Expressiveness and Power

How expressive or powerful is $$L$$? Can $$L$$ implement any desired data type, function or specification? Which specifications cannot be implemented in $$L$$? Is $$L$$ equally expressive as another programming language $$L^\prime$$? There are four possibilities:

$$L$$ and $$L^\prime$$ are equivalent;
$$L$$ can accomplish all that $$L^\prime$$ can and more;
$$L^\prime$$ can accomplish all that $$L$$ can and more; or
$$L$$ can accomplish some tasks that $$L^\prime$$ cannot, and $$L^\prime$$ can accomplish some tasks that $$L$$ cannot.

What exactly does it mean for two languages $$L$$ and $$L^\prime$$ to be equivalent in expressiveness or power? Which are the most expressive, imperative, object-oriented, functional or logic programming languages? Are parallel languages more expressive than sequential languages? Is $$L$$ a universal language, i.e., can it implement any specification that can be implemented in some other programming language? Do universal languages exist? What is the smallest set of imperative constructs necessary to make a universal language?

Program Properties

What properties of the programs of $$L$$ can be specified? Are there properties that cannot be specified? What exactly are static and dynamic properties? What properties of the programs of $$L$$ can be checked by algorithms? What properties are decidable, or undecidable, when the program is being compiled? What properties are decidable, or undecidable, when the program is being executed? What is the relationship between the expressiveness or power of the language $$L$$ and its decidable properties? What properties of programs in $$L$$ can be proved? Given a program and an identifier, can we decide whether or not

the identifier appears in the program?
given an input, the identifier changes its value in the resulting computation?
the identifier changes its value in some computation?

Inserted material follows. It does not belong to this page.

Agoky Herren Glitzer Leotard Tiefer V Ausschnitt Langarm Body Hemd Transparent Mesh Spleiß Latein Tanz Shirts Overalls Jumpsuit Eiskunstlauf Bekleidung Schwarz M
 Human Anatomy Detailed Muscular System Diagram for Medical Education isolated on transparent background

Given a program and an input, can we decide whether or not the program halts when executed on the input? Given two programs, can we decide whether or not they are equivalent?

Correctness

How do we specify the purpose of a program in $$L$$? To what extent can we test whether or not a program of $$L$$ meets its specification? How do we prove the correctness of a program with respect to its specification? Given a specification method, are there programs that are correct with respect to a specification but which cannot be proved to be correct? Is there an algorithm which, given a specification and a program, decides whether or not the program meets its specification?

Compilation

What exactly is compilation? How do we structure a compiler from the syntax of $$L$$ to the syntax of $$L^\prime$$? What does it mean for a compiler from $$L$$ to $$L^\prime$$ to be correct? Is correctness defined using a class of specifications, or by comparing the semantics of $$L$$ and $$L^\prime$$? How do we prove that a compiler from $$L$$ to $$L^\prime$$ is correct?

Efficiency

Are the programs of $$L$$ efficient for a class of specifications? If $$L$$ and $$L^\prime$$ are equally expressive will the programs written in them execute equally efficiently? Can $$L$$ be compiled efficiently on a von Neumann machine and is the code generated efficient? Are imperative programming languages more efficient than logic and functional languages? Are programs only involving while and other so-called structured constructs, less efficient than those allowing gotos? Are parallel languages more efficient than sequential languages?

Attempting to answer the questions should reveal what the reader knows about programming languages, before and after studying this book.